**Your objective**.
The answer must consist of every line from the entries that holds the word "Used".

**Records to process**.
□ □ □ □ □
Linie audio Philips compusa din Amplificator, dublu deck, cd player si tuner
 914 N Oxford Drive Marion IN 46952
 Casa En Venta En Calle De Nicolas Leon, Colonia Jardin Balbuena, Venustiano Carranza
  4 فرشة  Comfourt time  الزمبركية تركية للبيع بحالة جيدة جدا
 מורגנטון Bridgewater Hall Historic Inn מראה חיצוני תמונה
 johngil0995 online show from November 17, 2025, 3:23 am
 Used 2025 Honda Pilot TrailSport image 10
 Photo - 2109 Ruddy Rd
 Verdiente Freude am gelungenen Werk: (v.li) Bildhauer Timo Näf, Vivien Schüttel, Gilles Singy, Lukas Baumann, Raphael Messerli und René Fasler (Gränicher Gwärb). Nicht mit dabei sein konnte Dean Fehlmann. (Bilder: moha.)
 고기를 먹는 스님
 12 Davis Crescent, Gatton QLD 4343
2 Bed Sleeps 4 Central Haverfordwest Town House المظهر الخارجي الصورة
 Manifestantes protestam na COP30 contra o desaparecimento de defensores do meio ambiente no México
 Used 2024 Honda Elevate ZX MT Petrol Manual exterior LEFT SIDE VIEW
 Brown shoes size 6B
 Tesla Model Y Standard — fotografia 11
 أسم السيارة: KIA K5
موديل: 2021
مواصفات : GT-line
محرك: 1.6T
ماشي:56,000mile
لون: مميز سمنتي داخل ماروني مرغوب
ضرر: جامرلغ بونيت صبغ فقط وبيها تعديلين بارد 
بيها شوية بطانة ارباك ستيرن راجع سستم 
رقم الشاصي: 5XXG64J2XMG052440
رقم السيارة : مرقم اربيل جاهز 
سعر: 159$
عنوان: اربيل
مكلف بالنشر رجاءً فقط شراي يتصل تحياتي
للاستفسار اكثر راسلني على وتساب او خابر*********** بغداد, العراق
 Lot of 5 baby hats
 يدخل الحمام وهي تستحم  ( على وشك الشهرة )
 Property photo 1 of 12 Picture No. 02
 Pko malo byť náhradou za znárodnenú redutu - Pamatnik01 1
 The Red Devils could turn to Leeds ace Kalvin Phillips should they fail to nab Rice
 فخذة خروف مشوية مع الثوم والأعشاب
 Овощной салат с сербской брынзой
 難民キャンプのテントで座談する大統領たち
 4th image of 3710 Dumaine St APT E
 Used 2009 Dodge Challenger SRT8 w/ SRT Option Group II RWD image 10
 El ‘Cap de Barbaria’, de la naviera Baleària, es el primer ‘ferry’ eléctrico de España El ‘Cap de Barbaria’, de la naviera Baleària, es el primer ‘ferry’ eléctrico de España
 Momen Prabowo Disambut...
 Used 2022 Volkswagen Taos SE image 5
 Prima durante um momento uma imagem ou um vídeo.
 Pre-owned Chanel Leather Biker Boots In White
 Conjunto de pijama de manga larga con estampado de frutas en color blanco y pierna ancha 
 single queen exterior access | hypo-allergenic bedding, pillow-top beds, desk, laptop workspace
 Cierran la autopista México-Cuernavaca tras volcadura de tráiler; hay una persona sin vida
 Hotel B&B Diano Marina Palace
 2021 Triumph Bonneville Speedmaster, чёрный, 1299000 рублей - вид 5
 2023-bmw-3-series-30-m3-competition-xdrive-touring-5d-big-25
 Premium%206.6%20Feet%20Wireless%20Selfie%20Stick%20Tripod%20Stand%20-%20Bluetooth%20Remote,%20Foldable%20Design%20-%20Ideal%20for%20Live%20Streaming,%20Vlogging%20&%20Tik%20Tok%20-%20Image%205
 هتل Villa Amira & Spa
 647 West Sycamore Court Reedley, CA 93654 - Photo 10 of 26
□ □ □ □ □
**Result**.
 Used 2025 Honda Pilot TrailSport image 10
 Used 2024 Honda Elevate ZX MT Petrol Manual exterior LEFT SIDE VIEW
 Used 2009 Dodge Challenger SRT8 w/ SRT Option Group II RWD image 10
 Used 2022 Volkswagen Taos SE image 5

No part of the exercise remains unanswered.